* **PROBLEM STATEMENT**
All records below are to be duplicated exactly, with every picture excluded.

* **Caption-style text data**
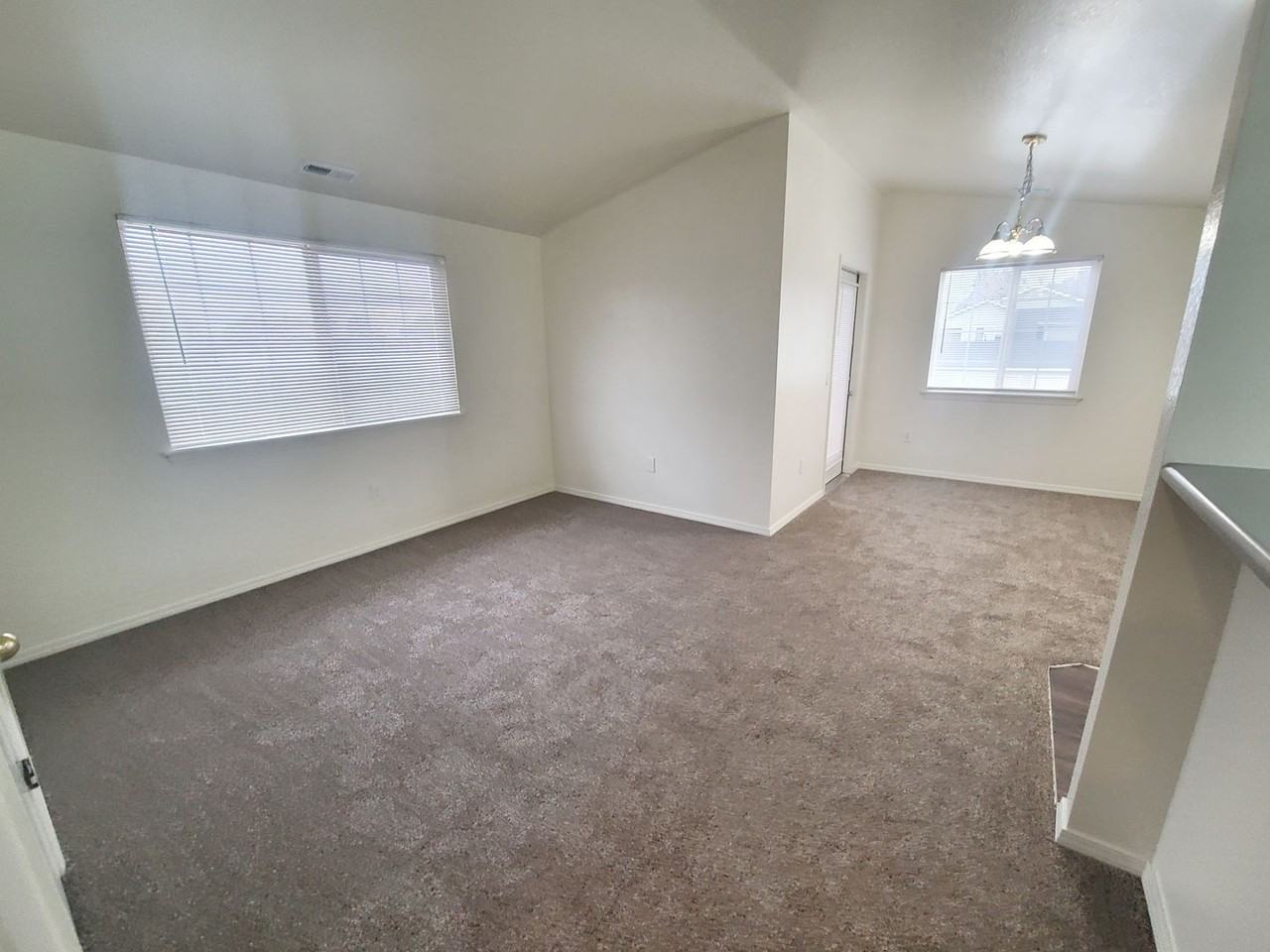 210 - Country Club - Photo 3 of 16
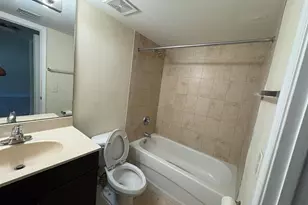6235 SW 47th Manor, Davie, FL 33314 - Photo 5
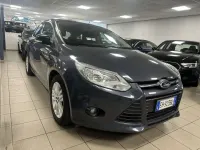 Usata Ford Focus 125 CV (91 kW) 2011 Grigio Berlina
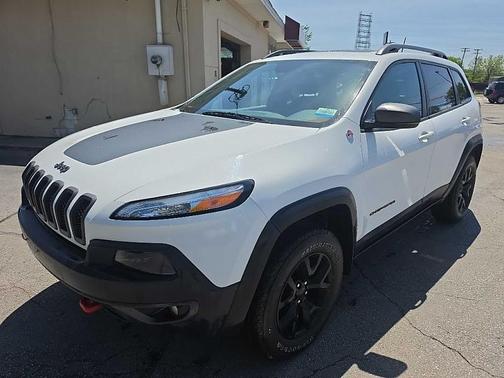 White 2017 Jeep Cherokee Trailhawk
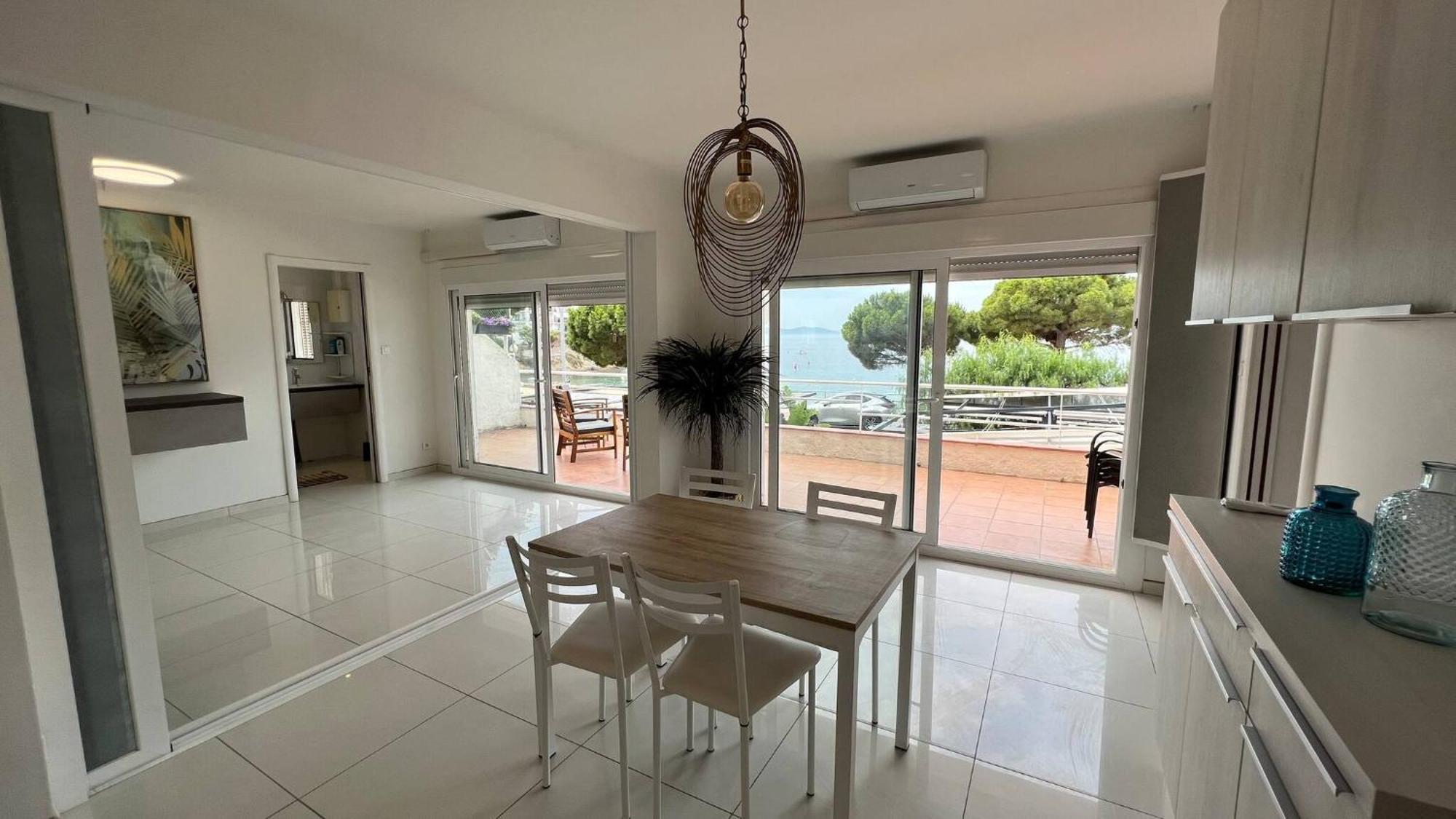 Precioso Apartamento Moderno En Primera Linea Del Mar Av-11 Roses Exterior foto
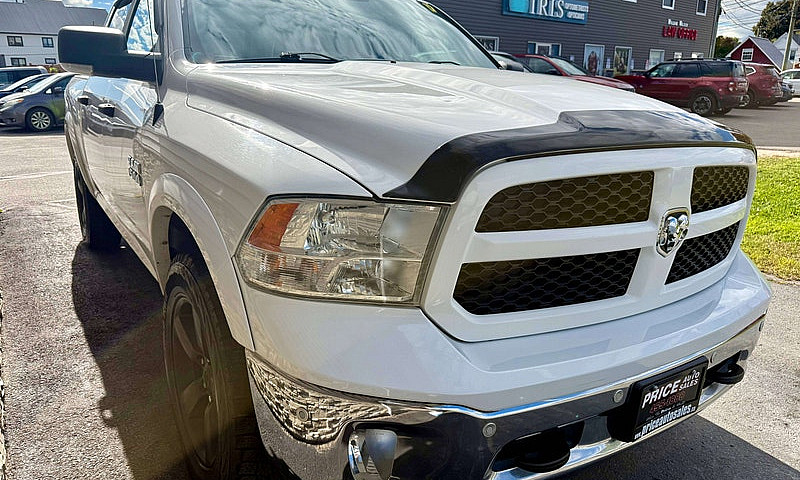 2017 Ram 1500 Outdoo...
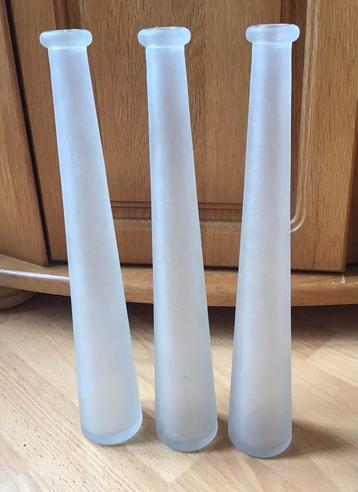 3 mat glazen bloemenvaasjes 32 cm hoog beschikbaar voor biedingen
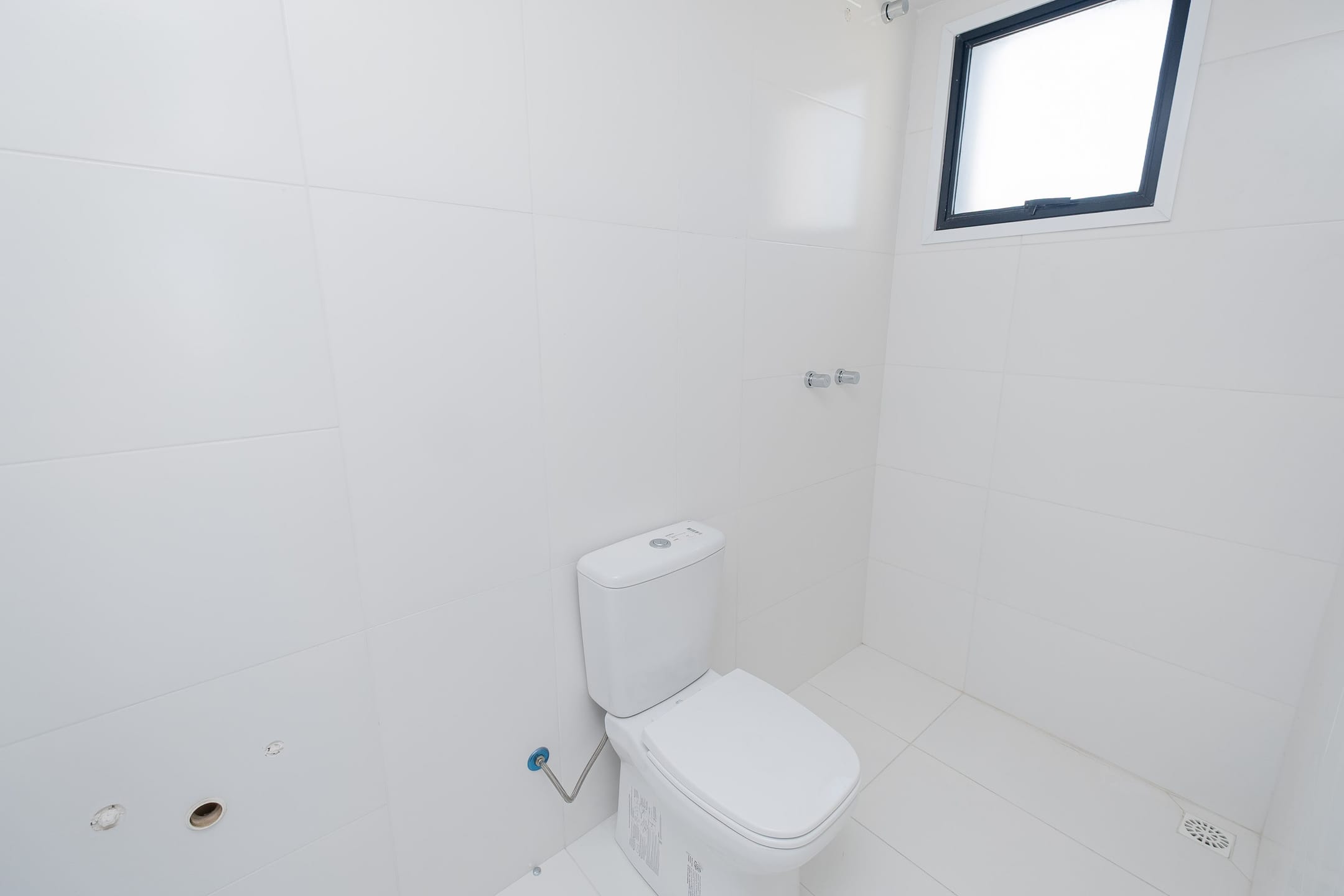 Apartamento de 3 Dormitórios para Aluguel no Centro de Pelotas RS com Boa Localização, Ambientes Amplos e Fácil Acesso a Comércio e Serviços - 14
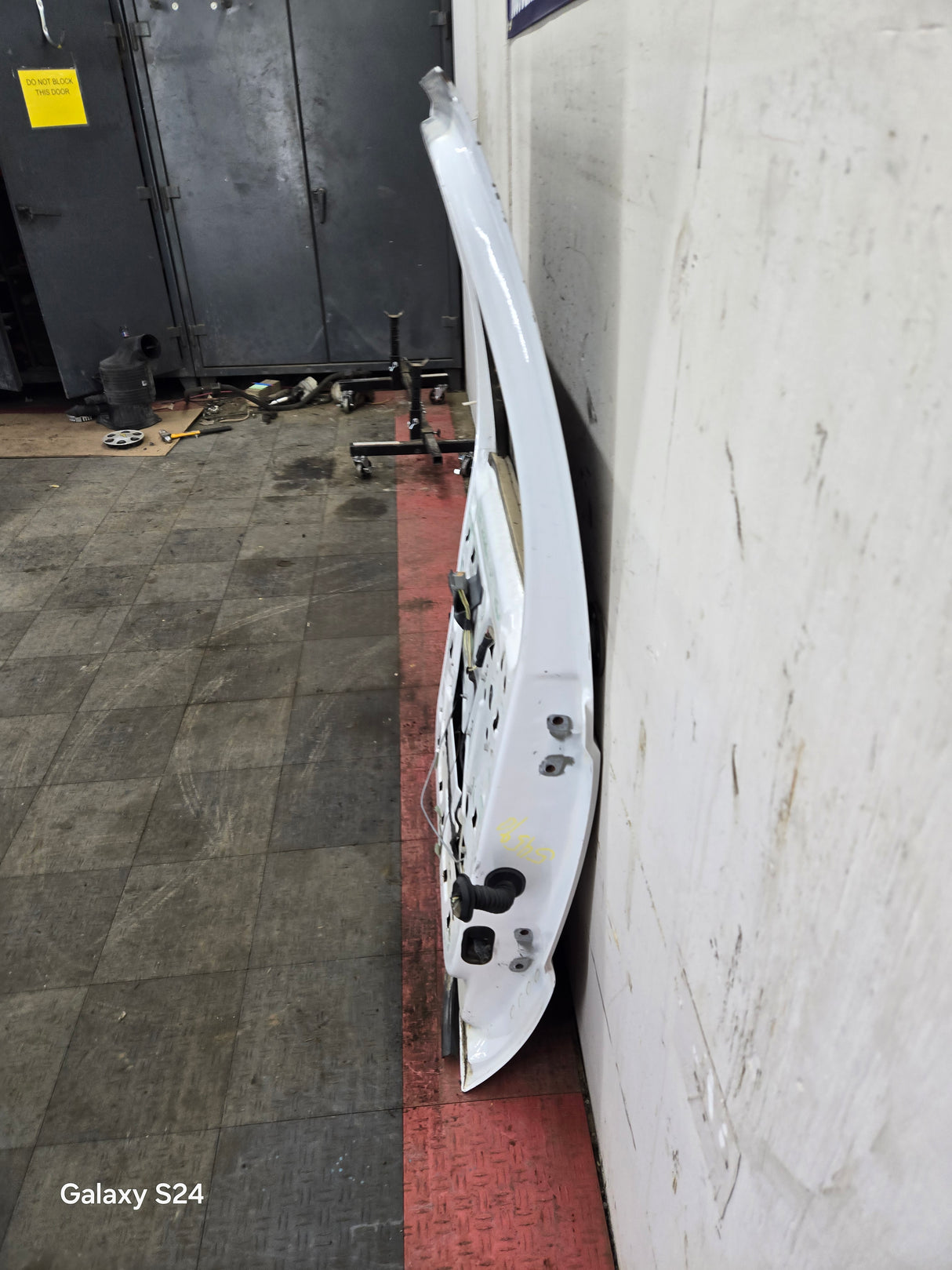 1999-2016 Ford Super Duty Driver Side Rear Door LH Crew Cab F250 F350 F450 F550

* **OUTPUT OF THE EXERCISE**
 210 - Country Club - Photo 3 of 16
6235 SW 47th Manor, Davie, FL 33314 - Photo 5
 Usata Ford Focus 125 CV (91 kW) 2011 Grigio Berlina
 White 2017 Jeep Cherokee Trailhawk
 Precioso Apartamento Moderno En Primera Linea Del Mar Av-11 Roses Exterior foto
 2017 Ram 1500 Outdoo...
 3 mat glazen bloemenvaasjes 32 cm hoog beschikbaar voor biedingen
 Apartamento de 3 Dormitórios para Aluguel no Centro de Pelotas RS com Boa Localização, Ambientes Amplos e Fácil Acesso a Comércio e Serviços - 14
 1999-2016 Ford Super Duty Driver Side Rear Door LH Crew Cab F250 F350 F450 F550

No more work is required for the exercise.